Citing the Metropolitan Museum of Art’s 2015 exhibition, China: Through the Looking Glass, Anne Anlin Cheng espouses the conceptualization of a “theory of person thingness” through which Asian women can be de-objectified and regain the actuality of personhood (415). In order to expose us to the limits of our present understanding of how to read and engage the racialized body, Cheng argues that “yellow women,” as she refers to female Asian bodies, have been dislodged of their personhood and subsequently kept from it through exoticized object representations which have not only served to stand-in for the Asian body, but have also made the actual body represented no longer necessary as it has been accounted and answered for through the representation.

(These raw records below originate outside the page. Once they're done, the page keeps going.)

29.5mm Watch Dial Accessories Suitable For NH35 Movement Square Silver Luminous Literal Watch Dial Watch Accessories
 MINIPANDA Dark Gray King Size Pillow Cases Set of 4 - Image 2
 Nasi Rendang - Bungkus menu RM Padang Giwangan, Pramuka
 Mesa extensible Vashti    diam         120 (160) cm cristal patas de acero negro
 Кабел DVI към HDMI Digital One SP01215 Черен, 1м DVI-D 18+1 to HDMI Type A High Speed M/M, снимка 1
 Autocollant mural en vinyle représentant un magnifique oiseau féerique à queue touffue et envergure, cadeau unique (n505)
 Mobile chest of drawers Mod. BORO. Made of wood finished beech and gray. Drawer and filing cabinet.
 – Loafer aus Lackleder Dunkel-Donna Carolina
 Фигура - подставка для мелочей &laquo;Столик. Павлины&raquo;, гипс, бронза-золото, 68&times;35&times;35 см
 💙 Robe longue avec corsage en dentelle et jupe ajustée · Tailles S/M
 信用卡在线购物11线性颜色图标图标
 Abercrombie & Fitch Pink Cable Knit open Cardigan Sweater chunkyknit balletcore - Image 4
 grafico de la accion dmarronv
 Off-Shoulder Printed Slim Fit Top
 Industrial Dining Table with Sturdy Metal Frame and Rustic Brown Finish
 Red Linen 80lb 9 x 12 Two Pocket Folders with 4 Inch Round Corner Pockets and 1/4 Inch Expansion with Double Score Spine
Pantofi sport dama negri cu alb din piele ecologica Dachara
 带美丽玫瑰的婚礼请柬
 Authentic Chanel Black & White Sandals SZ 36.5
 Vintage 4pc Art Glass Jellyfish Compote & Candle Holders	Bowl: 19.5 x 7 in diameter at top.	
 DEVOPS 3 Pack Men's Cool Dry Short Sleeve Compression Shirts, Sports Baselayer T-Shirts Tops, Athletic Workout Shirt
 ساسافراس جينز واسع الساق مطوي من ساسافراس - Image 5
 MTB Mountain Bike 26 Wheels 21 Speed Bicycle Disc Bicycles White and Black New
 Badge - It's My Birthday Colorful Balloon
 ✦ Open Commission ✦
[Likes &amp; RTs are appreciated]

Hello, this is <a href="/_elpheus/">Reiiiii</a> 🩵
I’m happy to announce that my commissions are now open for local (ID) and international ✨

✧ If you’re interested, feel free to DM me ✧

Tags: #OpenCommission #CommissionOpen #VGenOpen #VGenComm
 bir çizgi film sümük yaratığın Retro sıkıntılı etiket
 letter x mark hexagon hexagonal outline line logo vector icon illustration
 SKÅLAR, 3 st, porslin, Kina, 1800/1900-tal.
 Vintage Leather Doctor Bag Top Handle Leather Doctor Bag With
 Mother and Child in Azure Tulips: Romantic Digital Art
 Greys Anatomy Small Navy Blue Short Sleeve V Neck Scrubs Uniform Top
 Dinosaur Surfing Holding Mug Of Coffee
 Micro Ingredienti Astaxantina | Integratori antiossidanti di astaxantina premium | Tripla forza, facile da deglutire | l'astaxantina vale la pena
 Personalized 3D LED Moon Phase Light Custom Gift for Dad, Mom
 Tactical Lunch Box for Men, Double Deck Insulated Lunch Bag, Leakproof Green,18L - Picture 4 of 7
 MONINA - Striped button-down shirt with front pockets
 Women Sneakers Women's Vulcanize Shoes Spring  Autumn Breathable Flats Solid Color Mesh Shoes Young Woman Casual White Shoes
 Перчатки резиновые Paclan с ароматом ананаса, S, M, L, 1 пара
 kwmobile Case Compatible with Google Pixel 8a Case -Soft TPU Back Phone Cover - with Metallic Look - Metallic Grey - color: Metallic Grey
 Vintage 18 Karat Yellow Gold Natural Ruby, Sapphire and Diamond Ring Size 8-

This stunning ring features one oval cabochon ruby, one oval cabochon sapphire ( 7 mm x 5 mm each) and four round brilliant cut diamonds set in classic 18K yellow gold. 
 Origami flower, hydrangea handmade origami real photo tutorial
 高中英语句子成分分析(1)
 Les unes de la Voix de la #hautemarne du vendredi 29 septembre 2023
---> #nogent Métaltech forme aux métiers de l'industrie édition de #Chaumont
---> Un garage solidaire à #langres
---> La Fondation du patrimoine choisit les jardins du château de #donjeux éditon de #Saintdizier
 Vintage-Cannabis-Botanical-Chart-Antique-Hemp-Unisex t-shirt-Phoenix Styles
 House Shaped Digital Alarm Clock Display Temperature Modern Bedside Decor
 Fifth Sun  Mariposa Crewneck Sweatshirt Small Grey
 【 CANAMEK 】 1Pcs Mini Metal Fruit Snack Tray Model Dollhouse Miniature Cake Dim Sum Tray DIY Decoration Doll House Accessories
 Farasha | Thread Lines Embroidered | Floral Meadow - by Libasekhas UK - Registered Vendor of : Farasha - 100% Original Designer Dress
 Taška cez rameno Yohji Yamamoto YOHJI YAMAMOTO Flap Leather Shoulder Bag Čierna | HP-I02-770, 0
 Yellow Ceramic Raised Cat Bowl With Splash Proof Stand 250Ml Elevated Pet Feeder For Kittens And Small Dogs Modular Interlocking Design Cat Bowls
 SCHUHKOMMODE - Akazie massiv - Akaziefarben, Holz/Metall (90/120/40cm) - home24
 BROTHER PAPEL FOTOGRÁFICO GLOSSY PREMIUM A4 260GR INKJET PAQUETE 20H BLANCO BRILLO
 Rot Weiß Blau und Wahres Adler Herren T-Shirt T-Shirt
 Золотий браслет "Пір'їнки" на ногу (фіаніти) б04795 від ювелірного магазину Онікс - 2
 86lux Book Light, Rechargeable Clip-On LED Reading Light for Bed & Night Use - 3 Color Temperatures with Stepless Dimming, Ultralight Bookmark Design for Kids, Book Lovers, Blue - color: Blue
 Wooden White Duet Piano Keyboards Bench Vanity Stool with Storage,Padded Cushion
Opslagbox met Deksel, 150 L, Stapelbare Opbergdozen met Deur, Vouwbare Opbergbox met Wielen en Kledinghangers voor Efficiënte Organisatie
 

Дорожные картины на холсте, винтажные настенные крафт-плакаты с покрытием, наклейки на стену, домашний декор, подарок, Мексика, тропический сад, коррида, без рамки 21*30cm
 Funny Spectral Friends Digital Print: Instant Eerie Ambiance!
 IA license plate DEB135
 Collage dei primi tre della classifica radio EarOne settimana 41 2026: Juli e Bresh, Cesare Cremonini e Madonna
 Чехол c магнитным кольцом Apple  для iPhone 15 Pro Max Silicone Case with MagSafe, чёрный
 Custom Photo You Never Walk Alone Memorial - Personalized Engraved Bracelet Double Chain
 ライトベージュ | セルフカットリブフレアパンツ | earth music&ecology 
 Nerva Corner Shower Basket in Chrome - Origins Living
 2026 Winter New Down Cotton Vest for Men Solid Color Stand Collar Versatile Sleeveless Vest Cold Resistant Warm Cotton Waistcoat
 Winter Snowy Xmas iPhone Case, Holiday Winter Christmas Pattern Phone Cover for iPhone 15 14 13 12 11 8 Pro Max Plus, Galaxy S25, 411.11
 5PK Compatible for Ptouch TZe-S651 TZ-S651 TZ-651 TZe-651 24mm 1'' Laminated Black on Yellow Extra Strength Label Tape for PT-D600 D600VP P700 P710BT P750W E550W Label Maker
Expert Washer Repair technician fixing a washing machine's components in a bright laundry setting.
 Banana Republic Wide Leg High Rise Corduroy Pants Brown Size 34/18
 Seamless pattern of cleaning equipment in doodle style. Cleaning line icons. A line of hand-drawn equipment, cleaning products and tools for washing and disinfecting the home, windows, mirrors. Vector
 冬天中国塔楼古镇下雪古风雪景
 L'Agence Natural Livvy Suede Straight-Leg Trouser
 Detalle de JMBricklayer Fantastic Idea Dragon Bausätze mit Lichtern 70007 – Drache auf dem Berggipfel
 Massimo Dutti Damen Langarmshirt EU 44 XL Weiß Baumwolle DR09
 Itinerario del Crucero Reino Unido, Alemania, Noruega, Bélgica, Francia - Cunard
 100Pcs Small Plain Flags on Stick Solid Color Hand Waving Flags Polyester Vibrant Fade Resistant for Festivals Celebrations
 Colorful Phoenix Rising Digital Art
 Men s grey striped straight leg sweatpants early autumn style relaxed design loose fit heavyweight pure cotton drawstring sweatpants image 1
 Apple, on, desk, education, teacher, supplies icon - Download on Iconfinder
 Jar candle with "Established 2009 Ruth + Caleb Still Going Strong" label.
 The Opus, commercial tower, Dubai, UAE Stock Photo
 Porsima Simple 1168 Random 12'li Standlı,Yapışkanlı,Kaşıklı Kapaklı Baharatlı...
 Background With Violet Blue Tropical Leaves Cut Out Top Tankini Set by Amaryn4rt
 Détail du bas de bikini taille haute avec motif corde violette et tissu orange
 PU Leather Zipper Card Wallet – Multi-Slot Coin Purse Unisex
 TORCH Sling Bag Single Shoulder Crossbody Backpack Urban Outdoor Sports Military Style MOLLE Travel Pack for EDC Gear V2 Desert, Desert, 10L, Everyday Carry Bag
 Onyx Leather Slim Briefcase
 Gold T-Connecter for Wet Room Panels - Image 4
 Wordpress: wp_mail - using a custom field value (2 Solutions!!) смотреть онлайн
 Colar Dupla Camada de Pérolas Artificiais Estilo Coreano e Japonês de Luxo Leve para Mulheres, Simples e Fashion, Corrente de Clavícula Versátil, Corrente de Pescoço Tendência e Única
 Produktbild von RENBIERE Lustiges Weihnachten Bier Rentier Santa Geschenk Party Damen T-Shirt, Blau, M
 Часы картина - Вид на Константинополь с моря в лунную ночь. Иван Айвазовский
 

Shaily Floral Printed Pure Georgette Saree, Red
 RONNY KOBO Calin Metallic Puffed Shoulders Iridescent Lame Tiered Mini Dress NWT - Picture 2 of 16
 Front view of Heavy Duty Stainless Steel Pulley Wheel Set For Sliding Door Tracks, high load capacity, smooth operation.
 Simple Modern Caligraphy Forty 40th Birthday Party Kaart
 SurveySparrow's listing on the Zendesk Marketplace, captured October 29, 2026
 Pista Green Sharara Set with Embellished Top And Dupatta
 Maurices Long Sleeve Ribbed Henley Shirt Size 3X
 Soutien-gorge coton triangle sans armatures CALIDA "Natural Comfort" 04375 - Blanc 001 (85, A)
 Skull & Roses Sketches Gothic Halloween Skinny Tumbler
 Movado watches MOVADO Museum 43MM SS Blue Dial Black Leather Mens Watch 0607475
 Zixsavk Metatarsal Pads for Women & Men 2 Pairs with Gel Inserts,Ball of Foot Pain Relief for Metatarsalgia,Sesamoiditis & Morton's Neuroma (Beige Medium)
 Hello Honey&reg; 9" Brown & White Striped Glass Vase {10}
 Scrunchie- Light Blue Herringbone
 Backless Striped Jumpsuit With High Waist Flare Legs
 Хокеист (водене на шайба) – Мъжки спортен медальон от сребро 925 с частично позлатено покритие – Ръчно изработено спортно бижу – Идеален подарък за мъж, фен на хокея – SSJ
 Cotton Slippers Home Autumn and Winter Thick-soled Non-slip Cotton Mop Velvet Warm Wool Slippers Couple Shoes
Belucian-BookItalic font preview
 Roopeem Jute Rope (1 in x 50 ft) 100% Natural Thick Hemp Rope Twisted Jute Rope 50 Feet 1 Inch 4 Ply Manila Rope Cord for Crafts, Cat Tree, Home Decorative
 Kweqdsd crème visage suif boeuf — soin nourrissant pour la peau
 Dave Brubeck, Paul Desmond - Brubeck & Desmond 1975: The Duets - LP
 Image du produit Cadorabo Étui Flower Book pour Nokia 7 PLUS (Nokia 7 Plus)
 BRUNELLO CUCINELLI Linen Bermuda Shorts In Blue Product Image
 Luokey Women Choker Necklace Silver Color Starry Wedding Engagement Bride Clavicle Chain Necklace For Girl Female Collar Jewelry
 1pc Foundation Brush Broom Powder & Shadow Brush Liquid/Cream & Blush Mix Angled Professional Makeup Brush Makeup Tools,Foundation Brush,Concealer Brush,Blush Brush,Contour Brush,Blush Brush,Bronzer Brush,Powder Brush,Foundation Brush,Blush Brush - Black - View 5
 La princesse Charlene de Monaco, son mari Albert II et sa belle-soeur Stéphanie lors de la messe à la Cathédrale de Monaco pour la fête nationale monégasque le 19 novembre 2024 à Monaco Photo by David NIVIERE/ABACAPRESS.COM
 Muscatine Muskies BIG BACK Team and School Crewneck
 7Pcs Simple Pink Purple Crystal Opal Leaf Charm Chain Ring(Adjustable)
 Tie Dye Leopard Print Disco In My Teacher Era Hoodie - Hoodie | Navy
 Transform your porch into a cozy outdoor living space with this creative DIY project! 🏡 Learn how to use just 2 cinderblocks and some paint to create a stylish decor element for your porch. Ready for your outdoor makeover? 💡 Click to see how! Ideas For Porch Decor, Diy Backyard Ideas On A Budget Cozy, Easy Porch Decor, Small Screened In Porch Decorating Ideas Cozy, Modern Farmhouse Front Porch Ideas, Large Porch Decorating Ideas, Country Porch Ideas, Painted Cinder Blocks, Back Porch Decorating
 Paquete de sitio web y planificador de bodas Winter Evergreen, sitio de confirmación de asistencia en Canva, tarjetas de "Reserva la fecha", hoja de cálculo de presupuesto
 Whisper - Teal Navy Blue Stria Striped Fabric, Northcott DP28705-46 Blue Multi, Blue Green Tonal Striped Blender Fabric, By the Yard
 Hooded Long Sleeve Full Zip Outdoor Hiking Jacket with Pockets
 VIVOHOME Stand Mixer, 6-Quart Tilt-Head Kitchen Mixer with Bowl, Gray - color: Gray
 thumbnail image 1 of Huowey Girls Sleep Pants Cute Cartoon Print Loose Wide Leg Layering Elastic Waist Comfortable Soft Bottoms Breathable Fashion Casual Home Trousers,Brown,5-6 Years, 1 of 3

Cheng’s use of the China: Through the Looking Glass exhibit, a museum-curated fashion show implicating the Euro-Western gaze, serves her argument by instantiating the dehumanizing and object-centered/subject-dislodging process at the heart of her preoccupation. Cheng makes the claim that pottery, vases, china, porcelain, and ornately-patterned fabrics and material not only point to an Asia of delicate luxury, but have also come to represent Asian femininity and Euro-Western expectations of both luxury and femininity. These artifacts, and their metonymic use, are what Cheng describes as ornamentalism. However, as these stand-ins are recognized more and more, the bodies they represent rendered more ‘recognizable,’ at the same time, those very bodies are made less necessary. This animated expectation of personhood also empties “the yellow woman” of agency, meaning, and real personhood (415).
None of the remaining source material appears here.